Hi All, this is my first post in this forum, and hopefully not my last :heartlove

First of all I would apologize if this has been posted b4.

I want to share files between PC A n B under the same wireless netwok. The problem is I can't access them. 

Here are the situations:
- Both PC are running the same WIN XP SP2. Both have guess accounts. Sharing folder permission has been abled to ALL
- PC A can view PC B, but PC A cannot access the files in PC B. I recieved this error "you might not have permission to use this network resource. Please contact your administrator"
- PC B can't view PC A, can't access the files as well
- PC A can ping PC B, but not the opposite

I hope the situations listed above are quite clear to get the solutions from you guys.

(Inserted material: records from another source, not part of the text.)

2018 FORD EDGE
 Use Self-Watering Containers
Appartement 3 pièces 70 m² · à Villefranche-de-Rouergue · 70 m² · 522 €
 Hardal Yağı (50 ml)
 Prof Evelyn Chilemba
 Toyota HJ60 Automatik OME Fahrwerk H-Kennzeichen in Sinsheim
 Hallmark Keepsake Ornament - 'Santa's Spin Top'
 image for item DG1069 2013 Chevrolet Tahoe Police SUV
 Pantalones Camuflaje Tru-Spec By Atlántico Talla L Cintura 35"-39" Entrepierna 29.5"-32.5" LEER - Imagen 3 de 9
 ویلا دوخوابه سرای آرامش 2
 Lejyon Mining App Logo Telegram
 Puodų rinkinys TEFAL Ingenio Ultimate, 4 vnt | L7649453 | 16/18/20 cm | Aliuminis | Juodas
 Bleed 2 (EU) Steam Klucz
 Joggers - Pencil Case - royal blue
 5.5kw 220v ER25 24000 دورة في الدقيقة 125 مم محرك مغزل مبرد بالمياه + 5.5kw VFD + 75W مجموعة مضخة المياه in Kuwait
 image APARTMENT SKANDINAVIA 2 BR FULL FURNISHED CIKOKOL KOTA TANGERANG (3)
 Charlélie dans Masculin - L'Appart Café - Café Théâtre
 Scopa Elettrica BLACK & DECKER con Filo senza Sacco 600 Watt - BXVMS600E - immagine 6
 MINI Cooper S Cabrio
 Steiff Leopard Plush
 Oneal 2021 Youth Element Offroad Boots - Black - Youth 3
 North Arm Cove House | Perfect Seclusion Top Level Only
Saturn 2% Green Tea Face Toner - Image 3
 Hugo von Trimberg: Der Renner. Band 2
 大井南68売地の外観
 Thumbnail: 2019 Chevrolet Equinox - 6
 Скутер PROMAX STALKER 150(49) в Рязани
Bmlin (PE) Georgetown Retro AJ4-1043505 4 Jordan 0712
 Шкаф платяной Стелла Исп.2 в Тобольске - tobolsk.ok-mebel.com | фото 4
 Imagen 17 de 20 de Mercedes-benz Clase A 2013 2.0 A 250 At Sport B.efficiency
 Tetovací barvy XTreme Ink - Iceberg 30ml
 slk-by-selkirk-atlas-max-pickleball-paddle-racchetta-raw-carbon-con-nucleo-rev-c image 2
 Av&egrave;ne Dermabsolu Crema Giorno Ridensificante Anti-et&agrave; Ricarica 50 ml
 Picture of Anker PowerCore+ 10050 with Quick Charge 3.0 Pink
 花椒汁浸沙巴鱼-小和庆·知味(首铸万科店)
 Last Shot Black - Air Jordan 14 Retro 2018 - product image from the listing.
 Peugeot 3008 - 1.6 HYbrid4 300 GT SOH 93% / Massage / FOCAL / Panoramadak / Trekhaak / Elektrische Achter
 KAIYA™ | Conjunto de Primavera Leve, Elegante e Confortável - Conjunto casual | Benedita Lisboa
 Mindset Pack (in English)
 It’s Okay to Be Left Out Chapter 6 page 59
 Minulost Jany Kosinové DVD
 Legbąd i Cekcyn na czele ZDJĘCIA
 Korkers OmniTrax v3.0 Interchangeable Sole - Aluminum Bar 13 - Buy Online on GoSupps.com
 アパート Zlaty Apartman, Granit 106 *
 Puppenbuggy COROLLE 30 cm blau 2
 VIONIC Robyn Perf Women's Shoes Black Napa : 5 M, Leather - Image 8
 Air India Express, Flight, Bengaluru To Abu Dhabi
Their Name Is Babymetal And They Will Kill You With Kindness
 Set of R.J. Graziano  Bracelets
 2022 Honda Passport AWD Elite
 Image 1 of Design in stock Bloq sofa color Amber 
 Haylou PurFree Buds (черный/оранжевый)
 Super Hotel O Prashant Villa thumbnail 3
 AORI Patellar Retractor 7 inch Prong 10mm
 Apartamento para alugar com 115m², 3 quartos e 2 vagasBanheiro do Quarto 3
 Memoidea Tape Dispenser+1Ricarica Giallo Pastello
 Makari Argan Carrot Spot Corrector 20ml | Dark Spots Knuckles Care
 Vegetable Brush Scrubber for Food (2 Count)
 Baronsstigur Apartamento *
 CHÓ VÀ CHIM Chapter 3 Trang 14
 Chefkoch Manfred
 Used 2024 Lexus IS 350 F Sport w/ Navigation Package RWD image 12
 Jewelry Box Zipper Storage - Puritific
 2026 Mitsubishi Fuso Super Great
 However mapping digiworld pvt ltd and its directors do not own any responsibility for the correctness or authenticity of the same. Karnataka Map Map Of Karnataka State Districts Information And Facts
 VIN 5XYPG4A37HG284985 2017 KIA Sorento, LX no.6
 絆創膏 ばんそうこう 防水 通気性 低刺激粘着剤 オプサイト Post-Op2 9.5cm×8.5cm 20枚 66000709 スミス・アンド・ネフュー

Thanks in advance.


----------



## MrCarl007 (Jul 3, 2006)

Did you check to make sure that Windows Firewall is not turned on.


----------



## asoundmind (Nov 1, 2006)

Yes, Both are turned-off. PC A is using zonealarm whcih I have set to allow PC B. PC B doesn't use any firewall


----------



## MrCarl007 (Jul 3, 2006)

Try to turn off Zone alarm then try it again and let me know what you get.


----------